A French thriller in the Hitchcockian tradition, Gilles Mimouni's L'Appartement (15) is full of bewitching twists and turns, which makes it the best - though not the most significant - film of the week. A magnificent set of actors, led by Vincent Cassel and Romane Bohringer, grope their way around a persuasively perverse plot of lies, coincidences, and more coincidences. Mimouni uses a series of flashbacks in which different characters' points of view overlap and illuminate each other's opacities. I'll not describe the plot - go and find out for yourself. Let's just say the rhythms of the film are so hypnotic that the unreadable events of the conclusion only make it the more beguiling.
Night Falls on Manhattan (15) will come as a pleasant surprise to anyone who's given up on Sidney Lumet. It represents a clear return to form, with a plot woven from the strong themes of American personal and public justice that inform so much of his best work (Twelve Angry Men, Dog Day Afternoon). Here, Andy Garcia is a young lawyer catapulted into the district attorney's office, who discovers that his success is built on the corruption of those close to him.

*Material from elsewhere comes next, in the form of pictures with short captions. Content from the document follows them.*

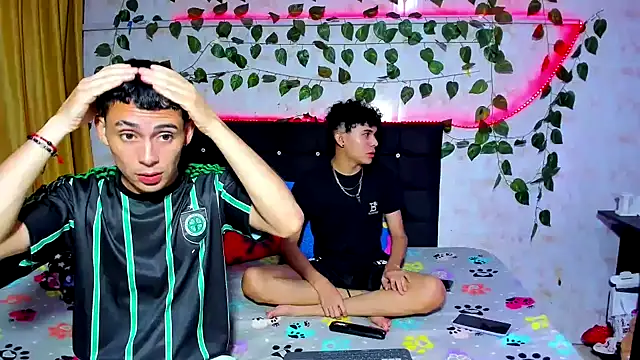 Alexander and Xiao online show from 12-23-24, 03:07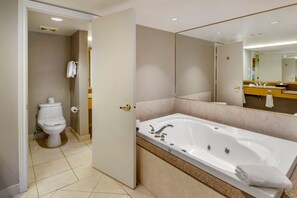 Suite, 1 Katil Raja (King) dengan Katil Sofa, Non Smoking (Efficiency) | Peralatan tempat tidur premium, langsir/tirai gelap terus 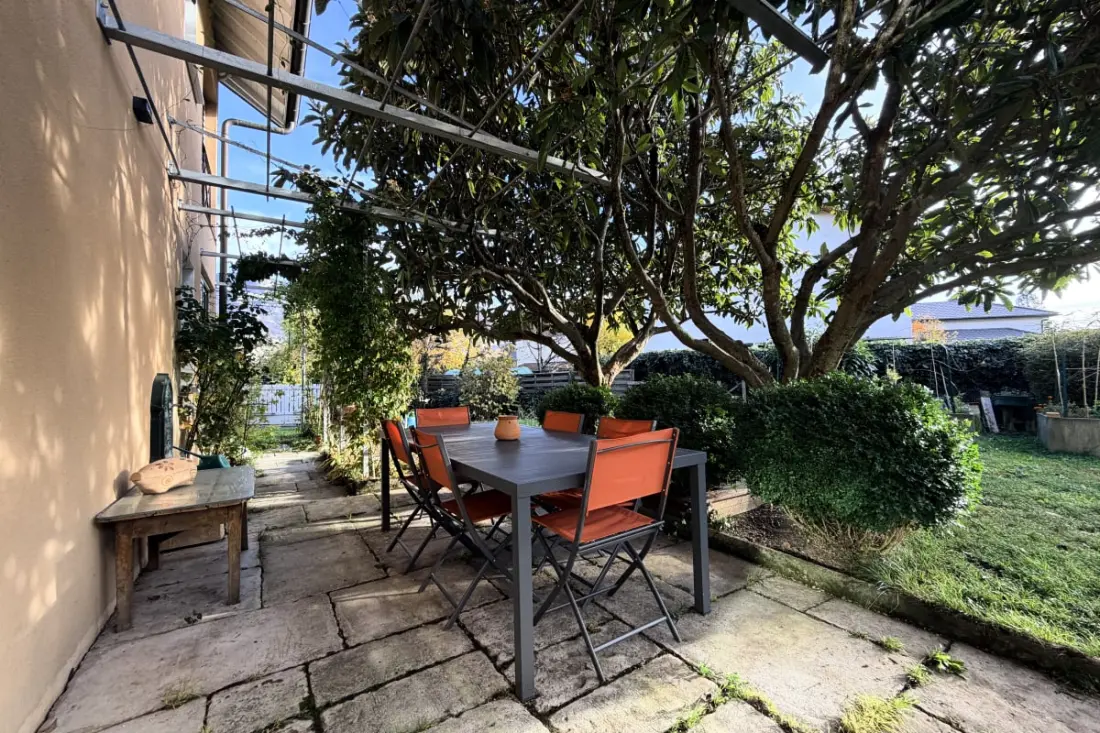 T3 Garden Rez a tó és a város között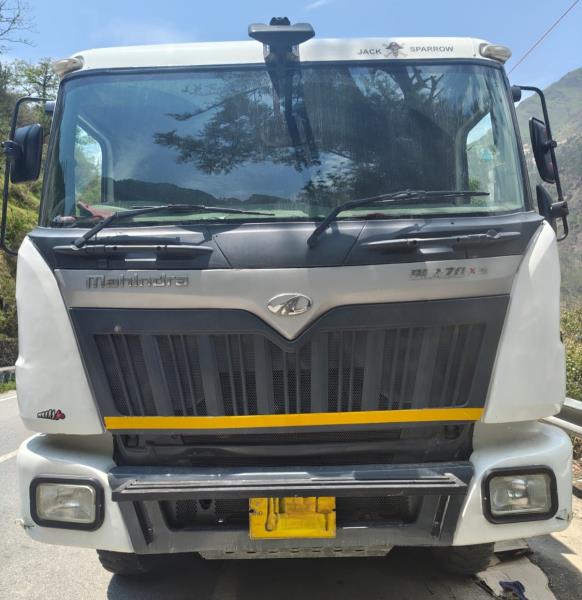 Mahindra Blazo 28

Ian Holm plays his father, a hard-boiled New York cop, adding conscience-struck complication and proving he can say cworrffee as well as any Brooklynite. However, having wound his story so carefully, Lumet risks everything at the conclusion by having Garcia deliver a lecture - literally - on his character's journey through the plot.
The week's re-release, Leonard Kastle's 1969 cult classic The Honeymoon Killers (18), is, by contrast, studiously amoral. In fact, it may be the most coldly repulsive film ever (barring Pretty Woman of course). Shot in stark, seedy monochrome, Kastle's one-and-only movie follows a pair of serial murderers (Shirley Stoler and Tony Lo Bianco) as they travel America doing in old ladies for their cash. It has a perverse grandeur (amplified by a thunderous Mahler soundtrack), conveys a vivid sense of its protagonists' small-time butchery, and is vastly superior to Natural Born Killers.

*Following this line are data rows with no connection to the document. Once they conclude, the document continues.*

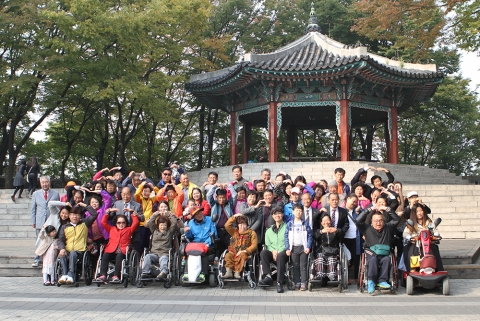 2015 중증장애인배우자초청대회 참가자들이 기념촬영을 하고 있다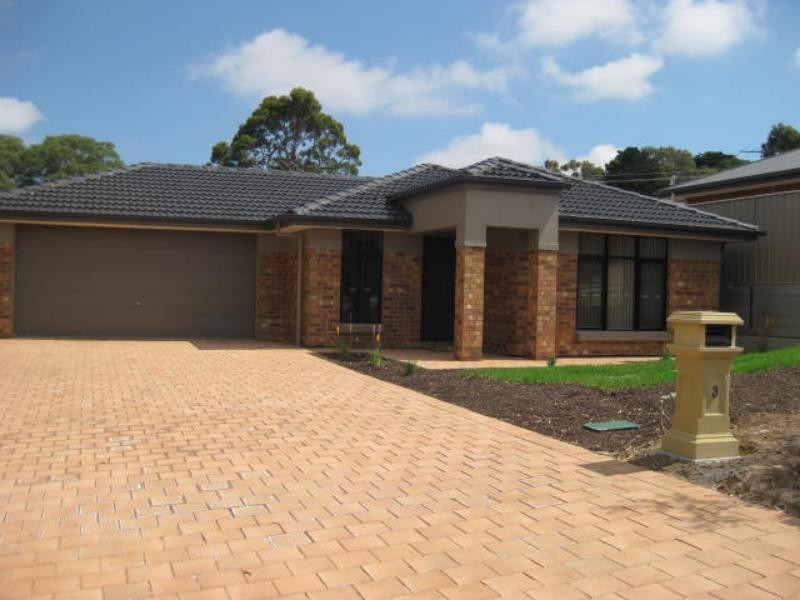 3 Barzona St, Mount Barker SA 5251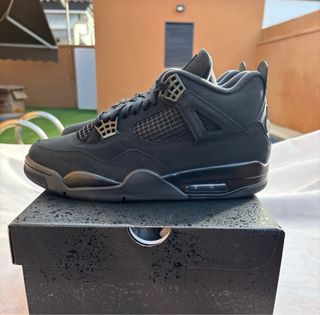 Air Jordan Retro 4 Black Cat (2025)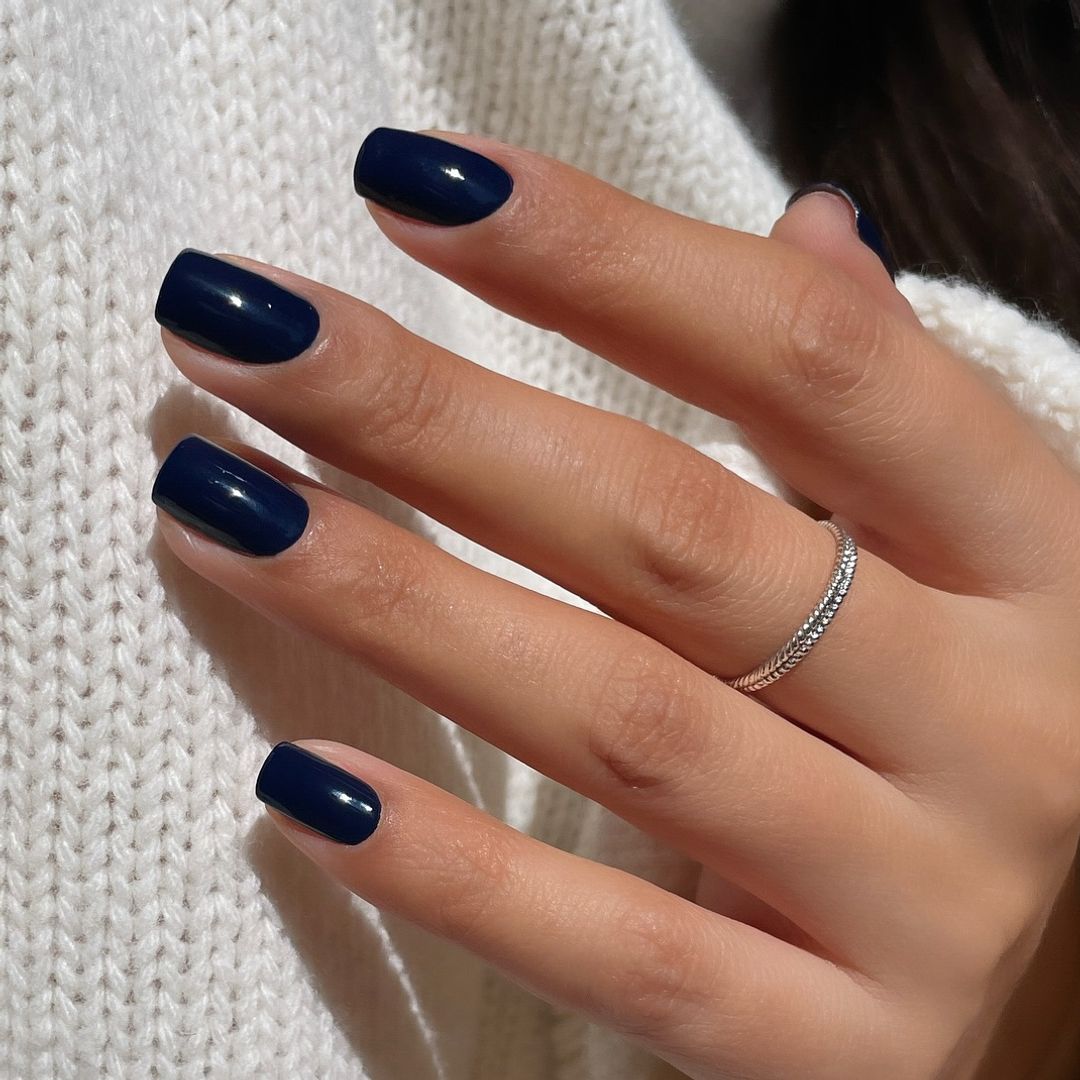 Manicura azul marino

Documentary-maker Nick Broomfield has always had an eye for thought-provoking sleaze: he's a master of a transparently prurient style that probes more deeply than your regular smut. In Fetishes (18) he spends a month with the mistresses of an upmarket New York S&M club, and leads us by the spiked dog-collar through interviews with their clientele. We begin in tame- ish territory, as he chats with a city type who likes to have clothes pegs snapped on to his scrotum. But as the film moves on, it becomes increasingly difficult to laugh off these carnal eccentricities. Broomfield argues that fetishism is a sexualisation of all our worst terrors: we meet a Jewish client who wants to act out his concentration-camp sex fantasies; a black client who pays to play Plantation Nigger, and another individual who likes to be ordered to lick toilet seats clean to - he explains - purge thoughts of genocide from his head. These are very uncomfortable concepts, and certainly you'd think twice before bringing any of these men home to meet mother. But Broomfield doesn't demonise anyone involved, and despite the piercings and thrashings, the most genuinely alarming moment comes when the cameraman is attacked by Mistress Natasha's pet iguana, Spike. Now that really must have hurt.